Interrater reliability

A stratified permutation test for multi-rater inter-rater reliability.

There are S strata. There are N_s items in stratum s. There are N = \sum_{s=1}^S N_s items in all.

There are C non-exclusive categories to which each of the N items might belong; an item might belong to none of the categories. That is, each item might be “labeled” with any of the 2^C subsets of the C labels, including the empty set.

There are R “raters,” each of whom labels each of the N items with zero or more elements of C.

Define L_{s,i,c,r} = 1, if rater r assigns label c to item i in stratum s; and L_{s,i,c,r} = 0 if not.

We observe \{ L_{s,i,c,r} \} for s=1...S; i=1, ..., N_s; c=1, ..., C; and r=1, ..., R.

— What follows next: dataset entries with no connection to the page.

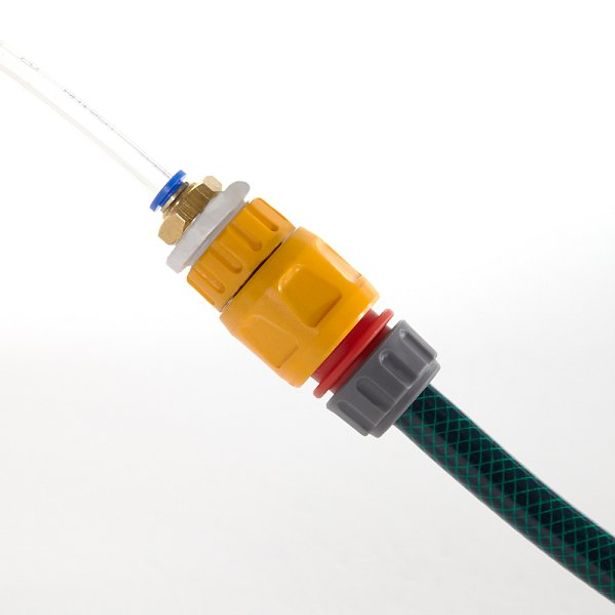 Houpací kruh s kovovou konstrukcí a tryskou na výrobu mlhy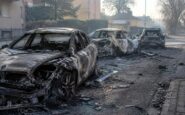 Tre auto ridotte in cenere da un rogo mattutino a Trezzano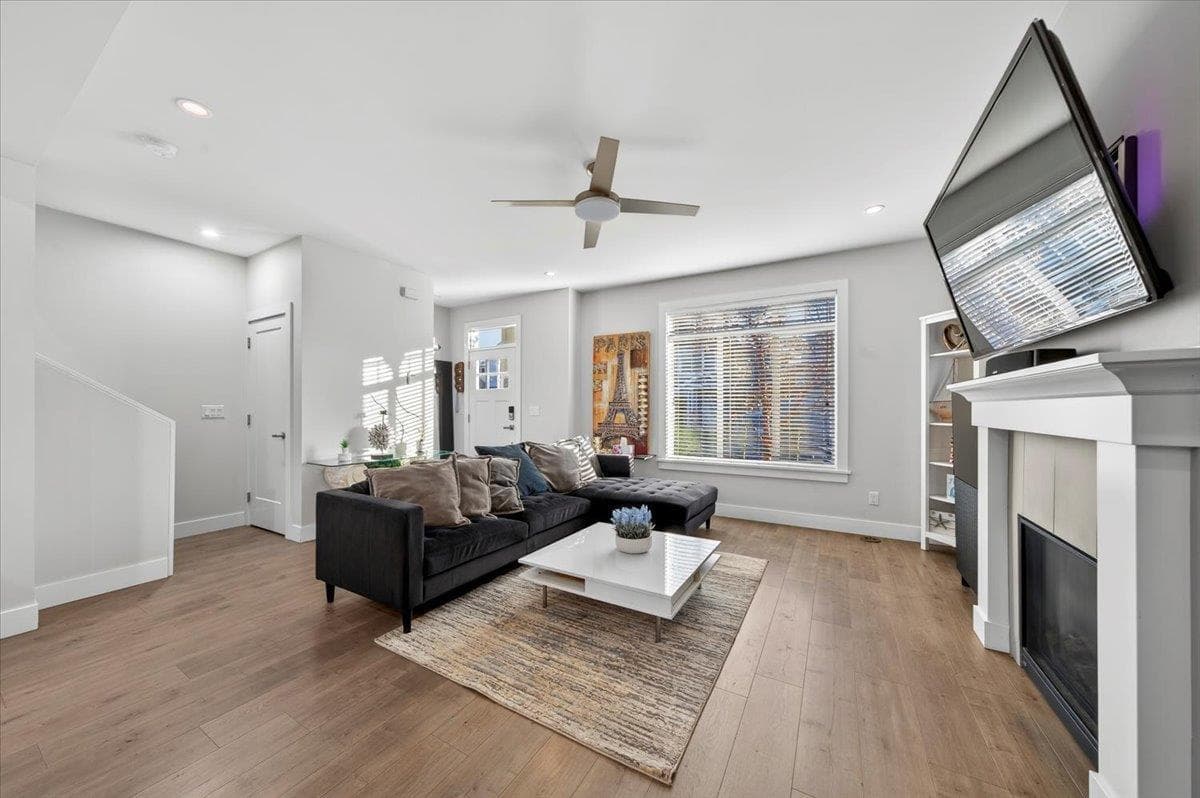 32579 ROSS DRIVE photo 3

We want to know whether the categorizations are “reliable,” in the sense that agreement among the raters is higher than would be expected “by chance.” The reliability of each category c is of interest, rather than an overall rating for all C categories.

Fix c, since we are considering only one category at a time.

The null hypothesis for category c is that, for each rater r, and each stratum s, the values \{ L_{s,i,c,r} \} are exchangeable; that for each rater r, the values \{ L_{s,i,c,r} \} for different strata s are independent; and that the values are independent across raters.

Our test conditions on the sets of labels each rater assigns within each stratum, but not on the items to which those labels are assigned. The null distribution involves permuting the assignments each given rater makes of category c to items within each stratum s, permuting independently across across raters and across strata.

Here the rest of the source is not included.